Kanunlar çerçevesinde eşler boşanmak istediklerinde mahkemeye başvurmak durumundadır. Evlilik birliğinin sürdürülmesi eş ve çocukların yaşamlarının devam ettirilmesi için uygulanması gereken tedbirler Türk Medeni Kanunu aracılığı ile düzenlenmeye tabi tutulmuştur.
Eşlerin ödevleri arasında evlilik birliğinin üzerlerine yüklediği görevleri yerine getirmek vardır. Medeni kanuna göre eşler kazançları nispetinde evlilik birliğinin yürütülmesi için gerekli olan fiilleri birlikte yapmakla yükümlüdürler.
Eşler çeşitli sebeplere bağlı olarak ayrılık kararı aldıklarında öncelikle yapmaları gereken boşanma davası yoluyla evlilik birliğini sonlandırmaktır. Bu durumda davaya bağlı olarak ortaya çıkan nafaka konusu gündeme gelmektedir.

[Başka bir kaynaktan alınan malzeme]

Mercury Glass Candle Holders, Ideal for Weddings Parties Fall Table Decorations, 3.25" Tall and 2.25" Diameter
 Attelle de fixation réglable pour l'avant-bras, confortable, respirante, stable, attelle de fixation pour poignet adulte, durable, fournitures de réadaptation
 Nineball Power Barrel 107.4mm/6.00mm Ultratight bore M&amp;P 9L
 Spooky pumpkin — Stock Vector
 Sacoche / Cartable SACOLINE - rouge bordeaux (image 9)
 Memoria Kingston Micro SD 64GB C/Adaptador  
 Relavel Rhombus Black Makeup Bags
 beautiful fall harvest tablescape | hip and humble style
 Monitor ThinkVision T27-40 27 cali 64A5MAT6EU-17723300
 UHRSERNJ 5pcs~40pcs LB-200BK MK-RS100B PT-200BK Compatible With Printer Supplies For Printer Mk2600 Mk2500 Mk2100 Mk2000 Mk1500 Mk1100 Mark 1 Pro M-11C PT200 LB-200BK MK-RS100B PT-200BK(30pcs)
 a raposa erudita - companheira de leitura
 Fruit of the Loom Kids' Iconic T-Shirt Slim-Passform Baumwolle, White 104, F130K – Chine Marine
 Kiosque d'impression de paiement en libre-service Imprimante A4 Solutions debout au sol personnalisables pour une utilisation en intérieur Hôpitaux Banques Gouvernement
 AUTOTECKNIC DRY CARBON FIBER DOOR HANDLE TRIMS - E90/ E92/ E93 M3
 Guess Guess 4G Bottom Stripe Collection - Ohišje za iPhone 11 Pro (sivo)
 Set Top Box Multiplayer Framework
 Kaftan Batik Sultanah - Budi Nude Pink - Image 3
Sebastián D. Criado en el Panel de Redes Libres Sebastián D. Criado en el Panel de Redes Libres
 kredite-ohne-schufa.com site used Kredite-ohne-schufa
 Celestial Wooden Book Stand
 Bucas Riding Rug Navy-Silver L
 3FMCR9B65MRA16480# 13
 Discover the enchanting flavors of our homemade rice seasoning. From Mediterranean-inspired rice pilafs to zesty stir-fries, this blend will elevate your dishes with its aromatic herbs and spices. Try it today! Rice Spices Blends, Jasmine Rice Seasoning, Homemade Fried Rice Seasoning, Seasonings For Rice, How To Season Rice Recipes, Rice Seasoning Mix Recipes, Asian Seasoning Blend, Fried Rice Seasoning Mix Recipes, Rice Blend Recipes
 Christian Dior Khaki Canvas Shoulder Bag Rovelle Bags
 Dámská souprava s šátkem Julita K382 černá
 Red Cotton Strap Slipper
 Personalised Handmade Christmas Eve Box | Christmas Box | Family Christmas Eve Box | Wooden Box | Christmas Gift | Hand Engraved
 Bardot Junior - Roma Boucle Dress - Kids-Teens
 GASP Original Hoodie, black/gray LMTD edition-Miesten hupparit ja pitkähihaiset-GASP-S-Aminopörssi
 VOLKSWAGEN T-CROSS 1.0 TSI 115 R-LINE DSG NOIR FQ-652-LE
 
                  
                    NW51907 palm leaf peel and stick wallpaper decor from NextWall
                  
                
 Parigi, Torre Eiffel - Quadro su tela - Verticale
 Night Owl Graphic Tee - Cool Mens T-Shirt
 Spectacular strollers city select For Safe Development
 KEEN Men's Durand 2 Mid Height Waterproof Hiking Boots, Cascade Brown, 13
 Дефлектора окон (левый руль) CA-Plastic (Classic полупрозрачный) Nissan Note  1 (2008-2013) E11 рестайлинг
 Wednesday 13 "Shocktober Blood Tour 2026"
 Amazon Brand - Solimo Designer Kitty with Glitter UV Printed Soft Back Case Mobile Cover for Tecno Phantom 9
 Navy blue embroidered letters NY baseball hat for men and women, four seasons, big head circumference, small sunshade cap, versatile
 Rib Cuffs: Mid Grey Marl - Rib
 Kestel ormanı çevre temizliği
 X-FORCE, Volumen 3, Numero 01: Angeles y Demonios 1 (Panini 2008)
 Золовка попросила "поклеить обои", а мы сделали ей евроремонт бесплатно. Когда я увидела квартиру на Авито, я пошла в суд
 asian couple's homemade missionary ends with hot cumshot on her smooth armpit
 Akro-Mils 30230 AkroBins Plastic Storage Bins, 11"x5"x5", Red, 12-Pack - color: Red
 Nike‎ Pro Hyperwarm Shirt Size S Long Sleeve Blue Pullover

İlgili Link: İntifa Hakkı Nedir?
Nafaka davası üç başlık altında ele alınabilecek bir konudur. Yoksulluk nafakası, tedbir nafakası ve iştirak nafakası olarak adlandırılan bu başlıklar kendilerine özgü bazı özellikler ihtiva ederler.
Bu nafakalardan tedbir nafakası davanın kesinleşmesine kadar geçecek sürede hâkimin inisiyatifi ile kocanın karısına ödeyeceği maddi yardımdır.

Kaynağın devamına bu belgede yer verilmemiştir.